Slithering Death Monsters
“I found your site after purchasing your book ‘Create Your Own Florida Food Forest’. I’m not in Florida, but thought your book would be helpful for my climate. It has been and has given me many ideas to adapt to my garden. I’m in the wet tropics of northern Australia.
One line in your book really resounded with me, it was where you referred to “slithering death monsters”. I love that line, and I take it to heart. My garden is full of ‘slithering death monsters’. Some of the most venomous snakes known to humanity, live in my area and regularly visit my garden. Coastal Taipan, Eastern Brown Snake, King Brown Snake, Red-bellied Black Snake, to name a few.
As you can imagine safely establishing a food forest under these circumstances can be challenging. Piled up branches or prunings could conceal slithering death monsters at my toes. So positioning such mulch must be carefully thought through. Being older I can no longer get to my feet quickly, so no kneeling, all gardening must be done from a standing position for a quick get away when needed (and there have been a few). Harvesting amid lush leafy growth requires its own strategies. I was once chased from a garden bed by a snake that did not appreciate my seed harvesting activities. I also do not recommend setting foot outside after sunset.

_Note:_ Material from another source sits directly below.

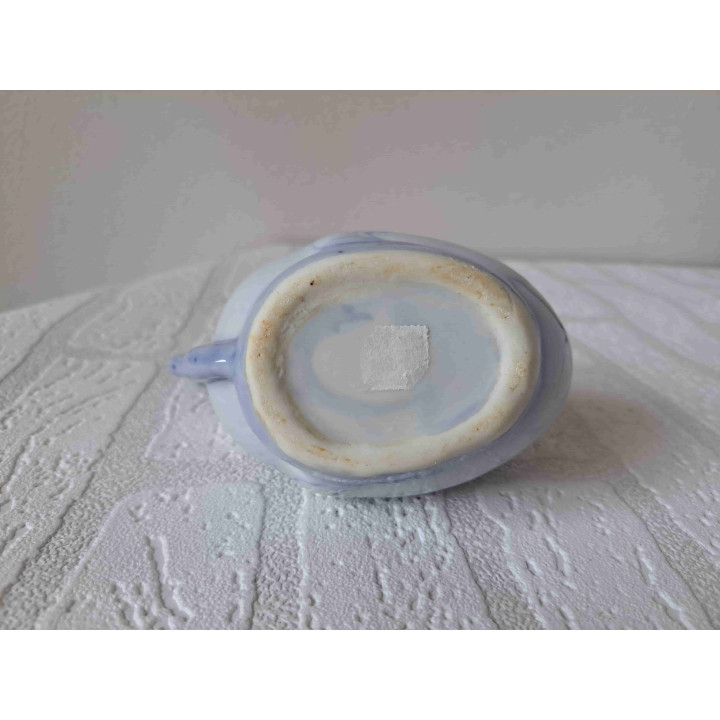 Theepotje van hotel porselein in een vorm van een eend met jong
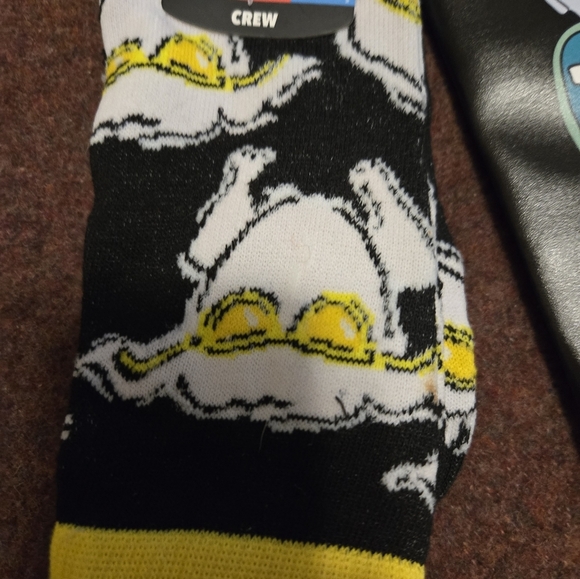 Friends Lot Socks And Pencil Pouch New - Picture 4 of 5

Oh yes, ‘slithering death monsters’ resonates within my being.”
While researching Costa Rica one day a few years back, I soon came to realize that my food forest designs for Florida didn’t necessarily carry over to the more exciting ecology of the tropics.
When deadly creatures lurk in brush and brush piles, trees and rock piles, well, creating a wild jungle of food isn’t the best idea, as it can get you killed. Going for an orchard with lots of shorn grass is safer.
The snakes of Florida aren’t a big deal, with the exception of water moccasins and diamondback rattlers, both of which are only common in certain ecosystems. Even the very venomous coral snake is an inoffensive creature with few deaths to its credit.
That one was wandering between my garden beds back in North Florida.
But when you have a list of snakes like “Coastal Taipan, Eastern Brown Snake, King Brown Snake, Red-bellied Black Snake” – yeah, a food forest design needs to take these creatures into account.
As much as you might love nature, nature doesn’t always love you. Actually, nature is a total jerk sometimes.